WHEN the offer went up by yet another £1m I had to say yes. My heart was heavy though because I was proud of what we had created from scratch, against the odds. I’d also had a lot of fun. The business was the now famous London club, Home House.
Eight years earlier, Brian Clivaz had shown me a magnificent Georgian building built by the architect Robert Adam in the 1770s. Empty for 12 years, it was derelict but full of history. It had housed all sorts of people, such as Earl Grey, of the tea fame, and Anthony Blunt, of the spying game. It was the French Embassy during the revolution. With its amazing staircase and ornate rooms, it was absolutely stunning and I fell in love with it.
Brian’s idea was to create a members’ club with beautiful sitting rooms, a health spa, 18 hotel rooms, a restaurant, a bar and a courtyard. I liked his concept, and had a few ideas of my own.
I didn’t want just another stuffy, old-fashioned London club, where dress codes usually required men to wear a tie, and which offered a wide, yellow polyester one if you lacked one. Oh, and women were rather discouraged. So I agreed to be the largest investor and later chairman. The club would allow casual dress, mobile phones and lots of women members. I knew that if the women came to the club, so would the guys.
Most of my friends thought it wouldn’t work. “£1,500 a year membership is too expensive Richard.

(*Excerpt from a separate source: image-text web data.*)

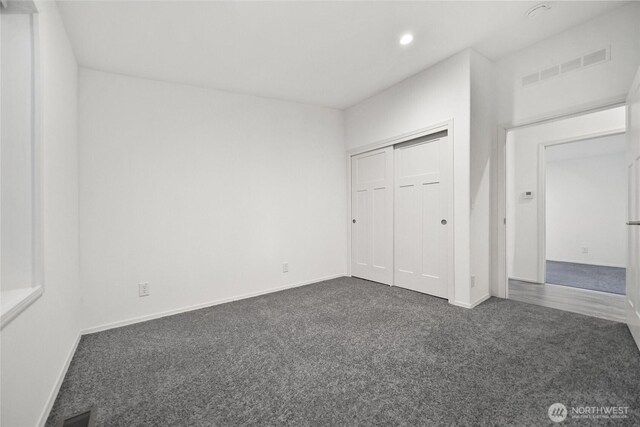 unfurnished bedroom with baseboards, dark colored carpet, visible vents, and recessed lighting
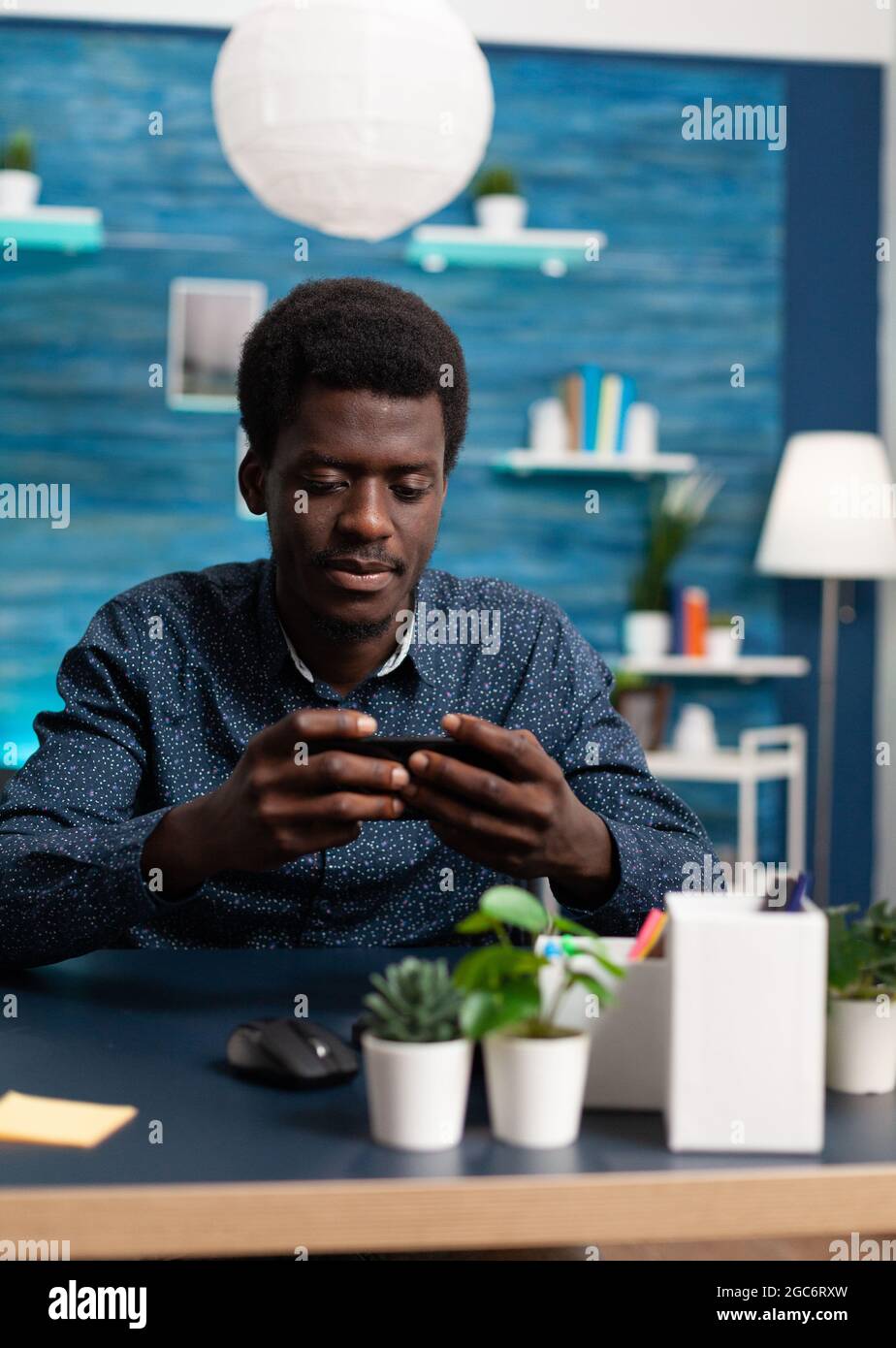 Black african american man using a smartphone at home working on social ...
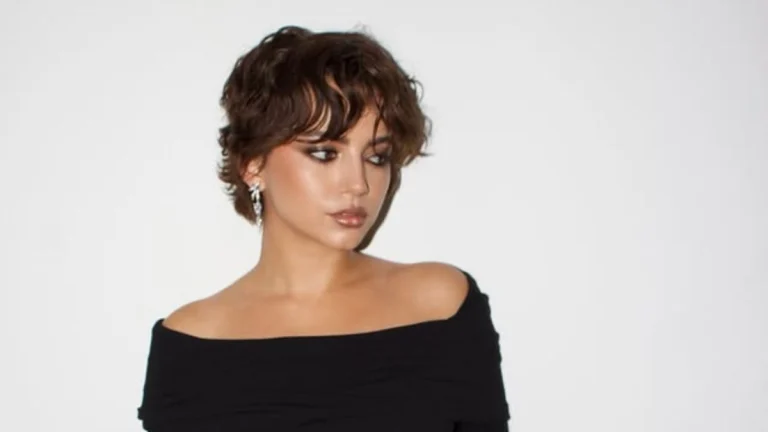 Isabela Merced Turns Heads in Figure-Hugging Black Dress With Bold Thigh-High Slit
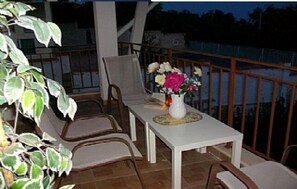 Enjoy al fresco dining with a scenic view of the water from this balcony.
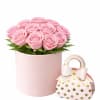 Soft blush pink roses designed in a modern pink hat box, creating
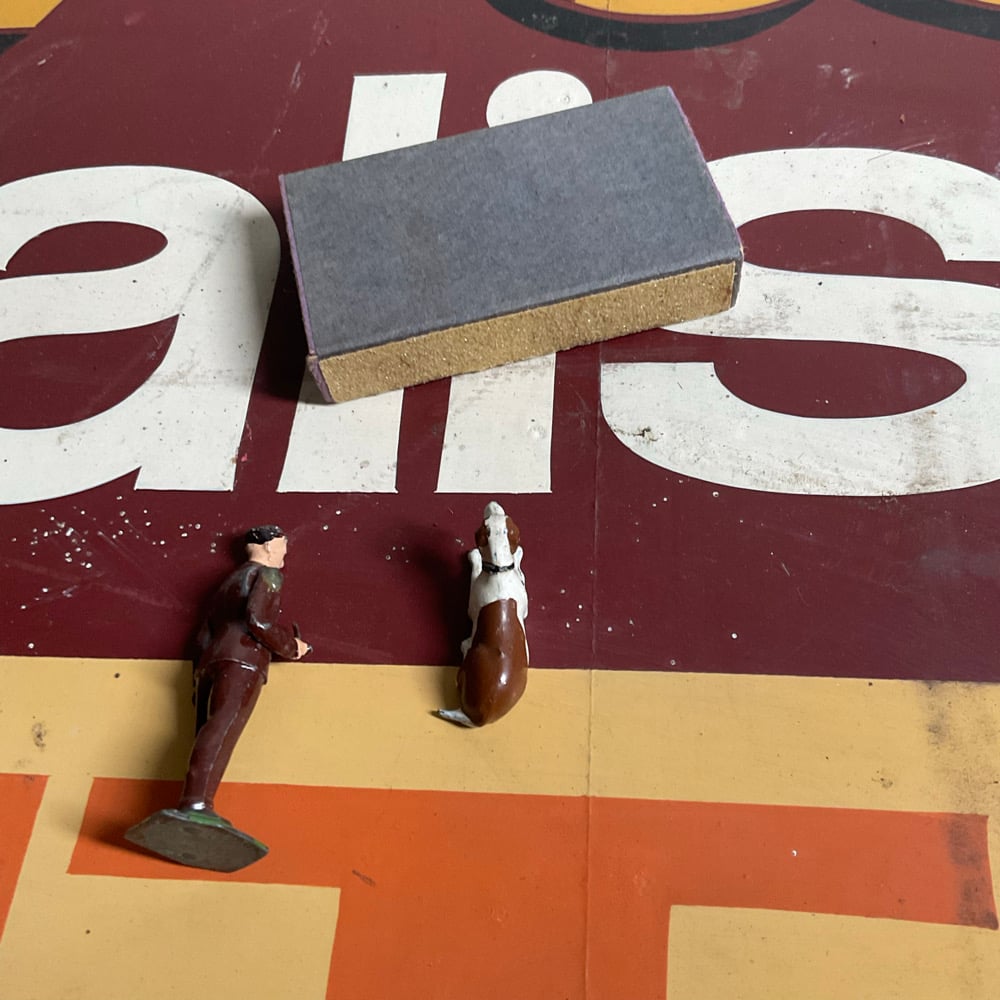 Image of Guy With Pipe,Dog & Matcbox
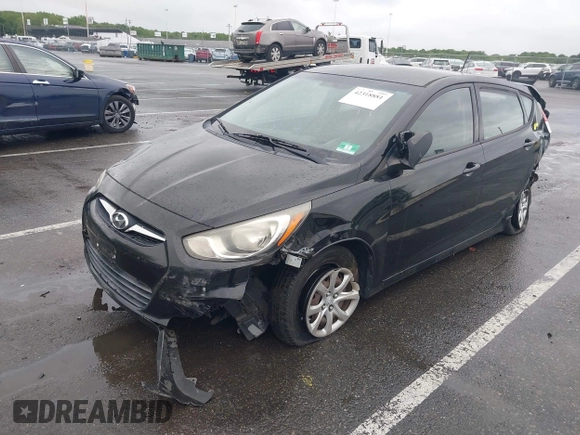 2012 Hyundai Accent GS with VIN KMHCT5AE4CU022894, listed as a IAAI auction lot 42318881 with 179,819 mi miles and . Bid and sale history available at DreamBid. Image 2.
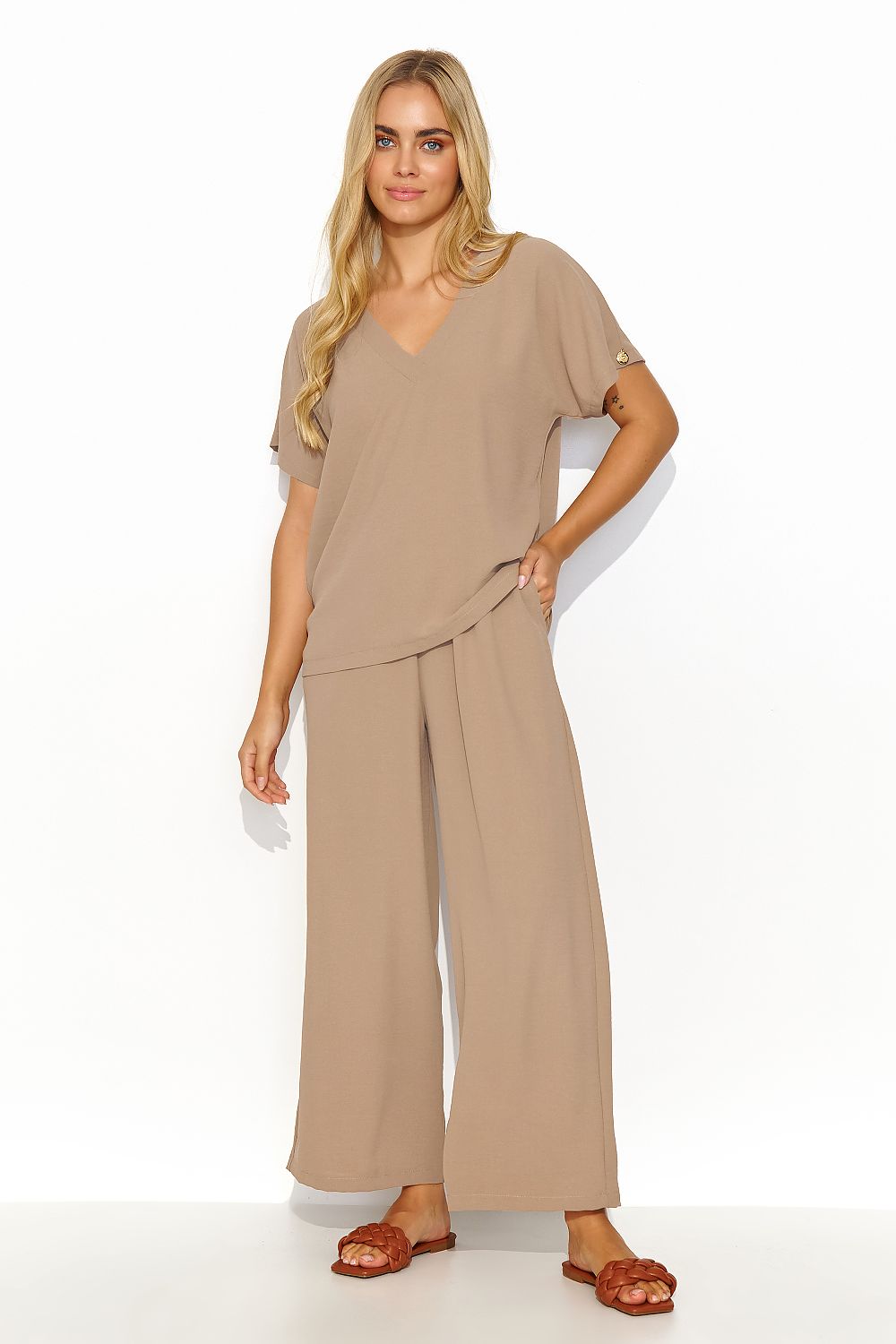 Chic cappuccino colour version of Makadamia's Elegant Women's 2-Piece Set, consisting of a V-neck blouse and flowing wide-leg trousers.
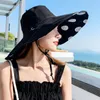 Chapeaux à large bord printemps été femme grand chapeau de seau de voyage en plein air mode pliable Dot chapeau de soleil défendre les casquettes de plage ultraviolettes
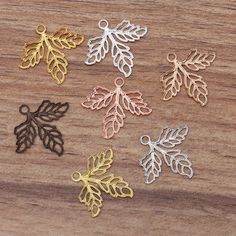 five different types of leaves on a wooden surface, one is gold and the other is silver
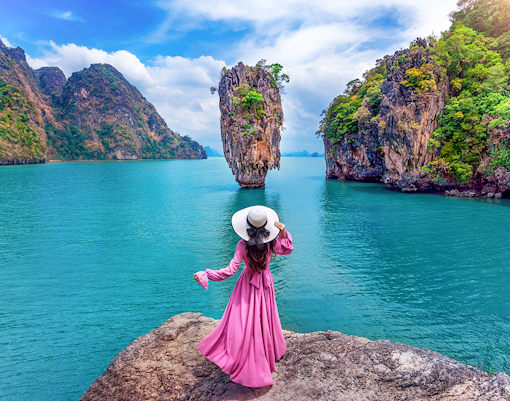 Woman in pink dress on rock at James Bond Island, Phang Nga, Thailand.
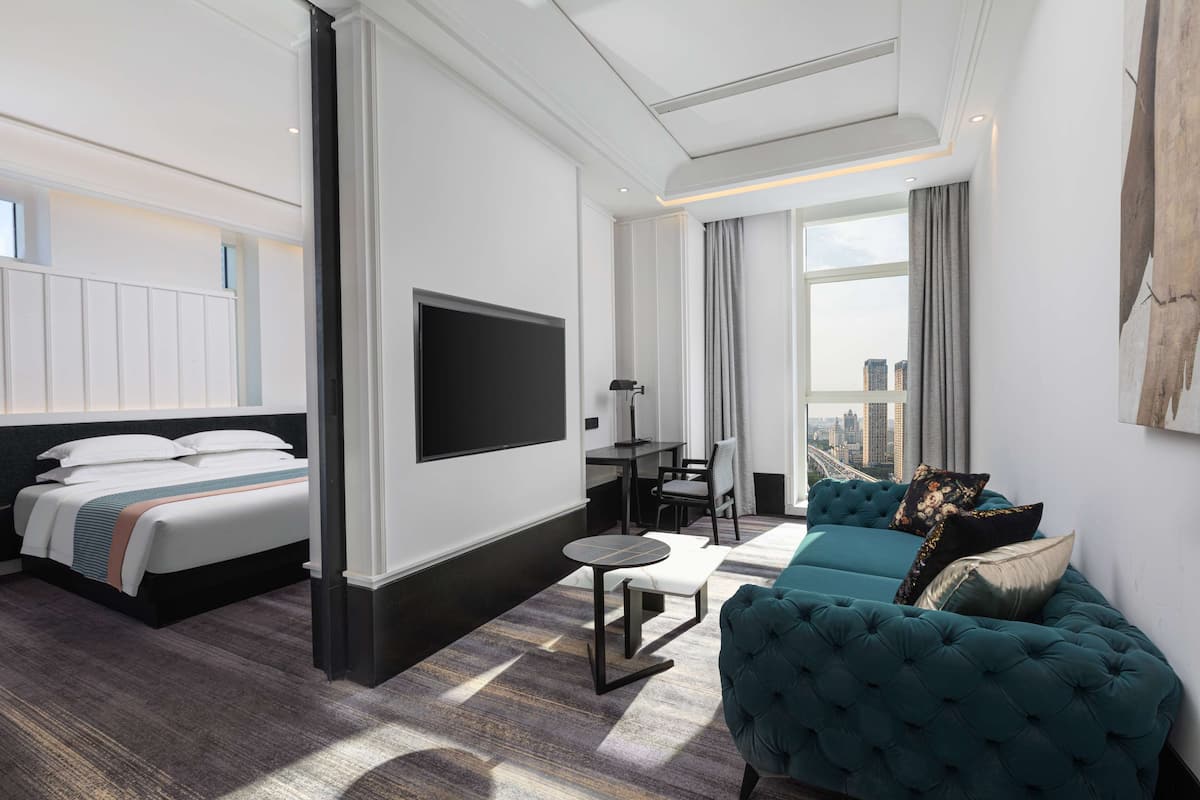 Une chambre d’hôtel moderne équipée d’un lit, d’un canapé, d’une télévision et offrant une vue sur la ville.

No one will pay it.” “It’s just outside Mayfair. That won’t work.” That one I laughed about: “Yes, but why are all your London properties named after the Monopoly board anyway?”
The restoration and decoration took nearly two years, and cost over £10m. Brian’s struggle to get the work finished and the club open on time was the subject of a BBC documentary, Trouble At The Top. I was portrayed as the worried money guy but the delays were not really a concern to me. For me, the success of the business would depend on attracting enough members, even if that happened six months later than planned.
Eventually, we got the thing going. At first there were many issues with the service – it was not easy opening a business with over 100 new employees. But even that quirkiness seemed to add a charm to the place and it attracted 2,500 members. Celebrities were everywhere. Madonna stayed there. Bill Clinton tried to get in after closing time. I had a memorable moment at a party when Sir Paul McCartney’s first words to me were “I know you”. He’d seen the BBC show and booked the club.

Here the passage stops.